In Dashboard/Health it's OK, it says XO in both alert and end of alert ??

Not a big deal for me, but I thought might as well report it

olivierlambert

Might be a bug, worth pinging @MathieuRA

JamfoFL

@ph7 I'm seeing the same thing as you, where I'm getting a mismatch between the server that is sending out the alert and then ending the alert. Just like you, it is actually the XO server that is truly the one that should be alerting. The second server (and it's always the same second server) is NOT having any issues with CPU or memory usage but is being drug into the alerts for some strange reason.

I'm currently on Commit 2e8d3 running Xen from sources. Yes, I know I'm 5 commits behind right now, and will update as soon as I finish this message. However, this issue has been going on for me for some time now and when I saw others with the same issue, I figured I'd add to the chain.

One other thing that happed around the same time this issue started... it seems the Average Length value for alerts are being ignored, or are at least being handled differently than they had previously.
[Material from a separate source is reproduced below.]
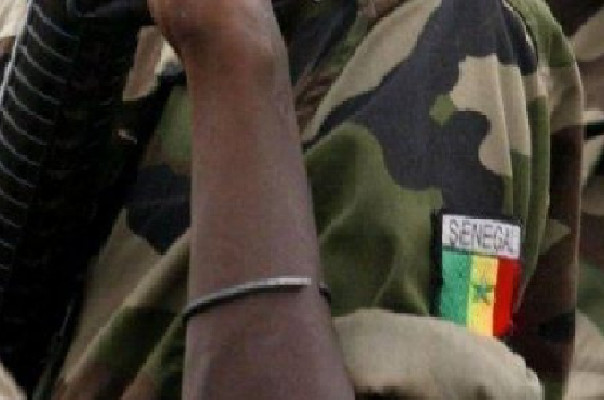Vol de médicaments et du matériel d’hémodialyse à HMO : comment un sous-officier de l’armée a été épinglé... Vol de médicaments et du matériel d’hémodialyse à HMO : comment un sous-officier de l’armée a été épinglé...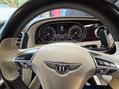 Bentley Continental GT V8 S MDS BLACK EDITION 29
For example, I have my CPU alert set to trip if it exceeds 90% for over 600 seconds. Before the issue started, if I had a long running backup, my CPU would go over 90% and could sometimes stay there for an hour or more. During that period, I would get a single alert after the CPU was over 90% for that period of time and then Xen was "smart" enough that it would keep an eye on the average, so a brief couple second dip below 90% would NOT send out an "end of alert" and then a second "alert" message when the CPU went over 90% once again. This is not happening anymore... if the CPU spikes over my 90% threshold, I get an almost immediate alert message. The instant the CPU goes below the 90% threshold, I get an immediate end of alert message. If threshold goes back over 90%, even a few seconds later, I get yet another alert message.
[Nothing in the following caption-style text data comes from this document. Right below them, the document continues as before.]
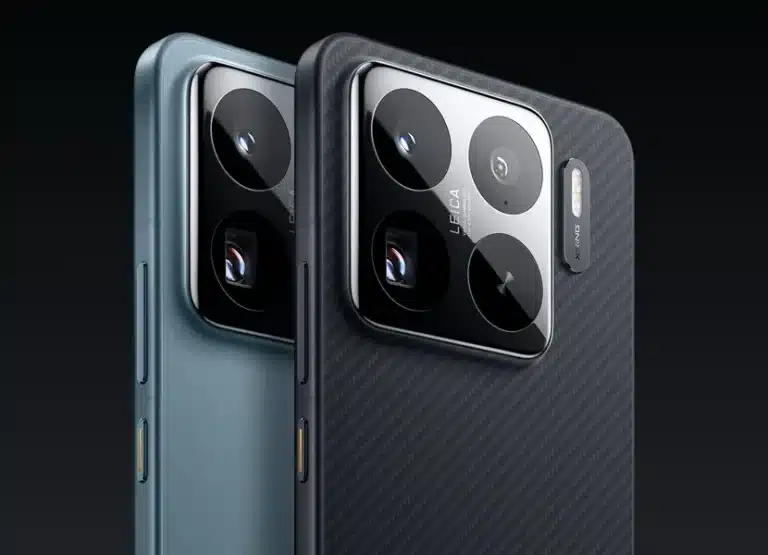 Xiaomi Mi 15S Pro foydalanuvchilardan faqat ijobiy baho oldi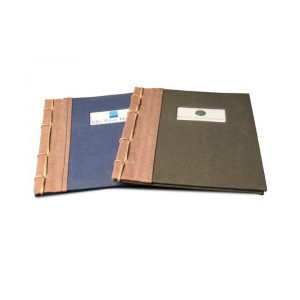 Cardápio – Ref: CH04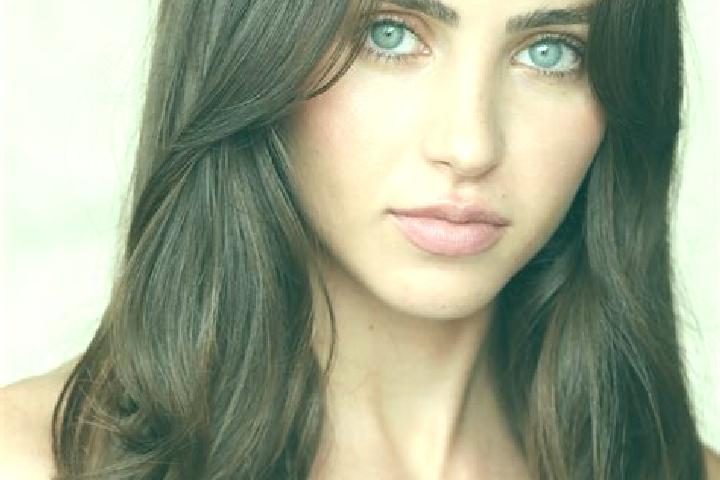 Ella, 29, a brunette brown-eyed middle eastern companion based in Fontaine-les-Vervins. Offering Prostate Massage, Party Girl, Overnight, Fetish. Available f...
This has had the effect where instead of getting a single message that spans the duration of the time the threshold is exceeded, where brief dips below were ignored if they were only a few seconds long, I am now getting an alert/end of alert/alert sequence for every seconds-long dip in CPU usage. Last night, for example, I received over 360 alert e-mails because of this, with many happening within seconds:

So... just confirming what @ph7 has been seeing... alerts are sending out from one server and a second sends the end-of-alerts, and for some reason the ability of Xen to average the alerts over the selected period of time so messages aren't sent out with every single seconds-long dip below the threshold is no longer working, as well.

Thanks!

olivierlambert

Also ping @Bastien-Nollet & @MathieuRA since it seems also visible here

MathieuRA

Hi. I am finally able to reproduce the end of alert issue.
However, I was only able to reproduce if I used the "ALL *" options and not by manually selecting the objects to monitor. Can you confirm that you are using All running VMs/Hosts/SRs?

JamfoFL

@MathieuRA Yes, I can confirm I am using the All Running VMs and All Running Hosts (I am not using All Running SRs, but I never get alerts for those because I have a LOT of free disk space).
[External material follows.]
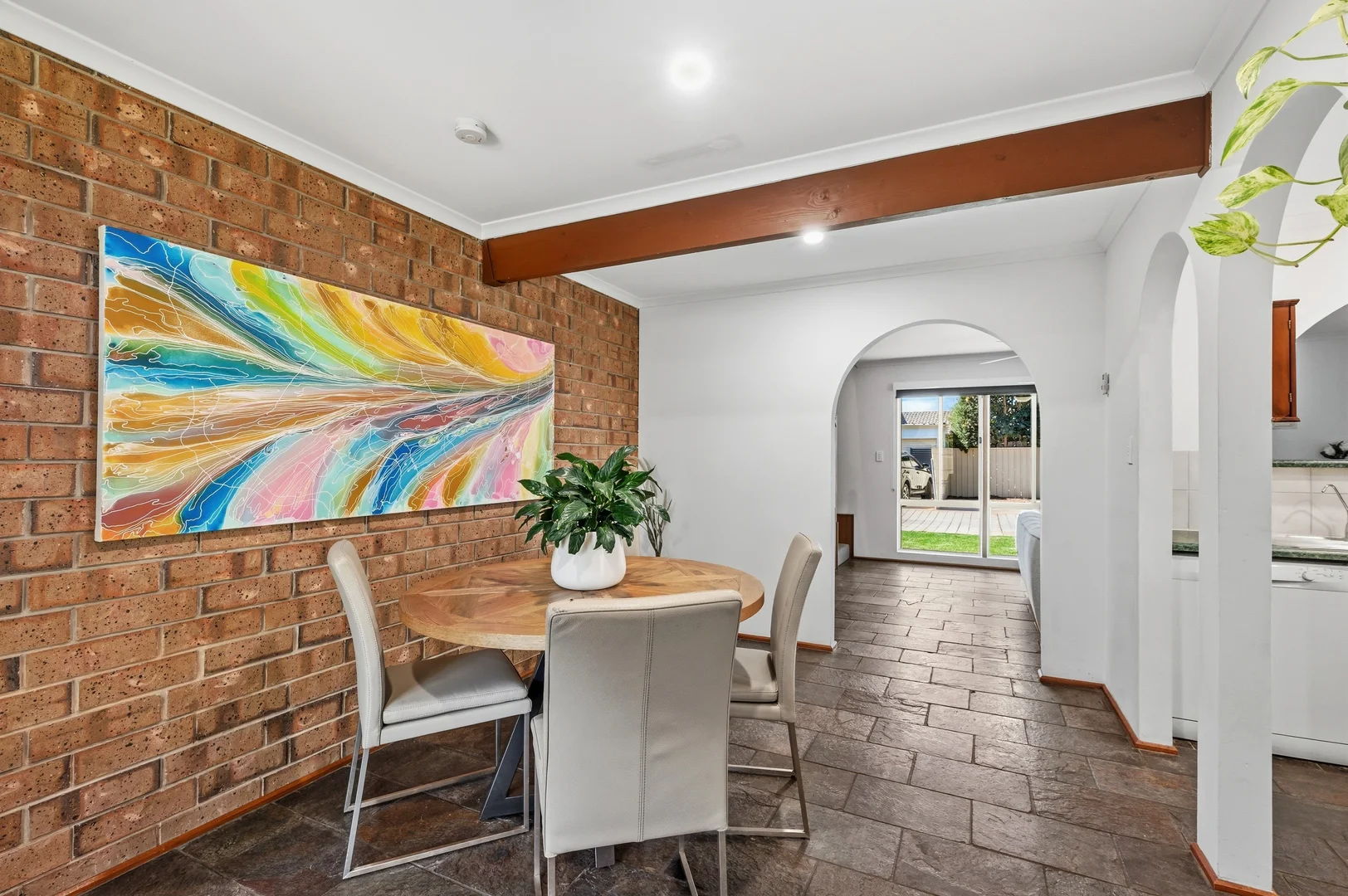 Additional image 5 of 7/18 Township Road, Marion SA 5043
I did place an exclusion for one of my VMs (the one that was generating dozens and dozens of alerts) to cut down on some of that chatter, but even with one machine excluded, when I do get a report from one of the other VMs it still has the same issue: the proper VM will generate the alert, but an improper VM will be reported in the end of alert message.

So... as far as I can tell, we still have the issue with the improper machine identification and the Average Length field is ignored so a machine that pops over the threshold, then briefly under the threshold for a few seconds, then back over the threshold again will generate three messages (alert, end of alert, alert) in several seconds instead of looking at the average to make sure the dip isn't just a brief one.

Hopefully that makes sense.

Thanks again!

MathieuRA

@JamfoFL As the bug appears to be non-trivial, I’ll create the issue on our end, and then we’ll see with the team to schedule this task. We’ll keep you updated here.

ph7

@MathieuRA
Yes, All running hosts and all running VMs

JamfoFL

@MathieuRA Thanks so much! I appreciate all the effort!

ph7

@ph7 said in Lots of performance alerts after upgrading XO to commit aa490:

@olivierlambert
One strange note when I get the alarms on e-mail during a full backup of my running XO

Alert: vm cpu usage > 65%, XO 67,8%

End of alert: vm cpu usage > 65% SyncMate 0,3%

End of alert is the wrong VM, should be XO.
In Dashboard/Health it's OK, it says XO in both alert and end of alert ??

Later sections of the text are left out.